Evapotranspiration was derived from eddy correlation measurements of sensible heat flux and measurements of net radiation and soil heat flux. 419 hours of daytime energy balance data from the summers of 1987 and 1988 were analyzed. A rearranged form of the Penman-Monteith equation was used to calculate hourly mean surface conductances for the clearcut. Leaf area measurements were used to calculate stomatal conductance from surface conductances.
Stomatal conductance was modelled using boundary-line and non-linear optimization techniques. The most successful model (R² = 0.71) was obtained using non-linear optimization
with stomatal conductance as a non-linear function of saturation deficit at the leaf surface (D₀) and solar irradiance.
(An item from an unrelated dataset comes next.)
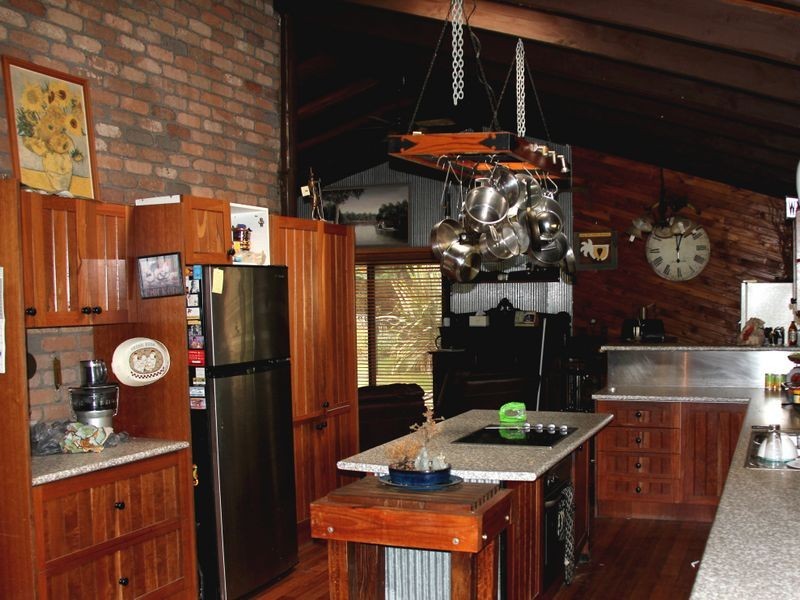 825 Frankston Flinders Road, Somerville VIC 3912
D₀ was calculated from measured evapotranspiration
and surface conductance. Response of stomata to saturation deficit would be expected to be better correlated to D₀ than D measured at a reference height above the canopy. Stomatal conductance was also modelled as a function of D (measured at 1.3 m) and solar irradiance. The resulting model (R² = 0.50) was poor compared to that based on D₀.
Saturation deficit and temperature were found to be highly correlated both at 1.3 m
above the canopy and at the leaf surface. Use of air temperature in the conductance model caused R² to decrease. No relationship between stomatal conductance and volumetric soil water content was found.
Hourly evapotranspiration rates calculated using modelled surface conductances agreed well with measured rates.(R² = 0.89).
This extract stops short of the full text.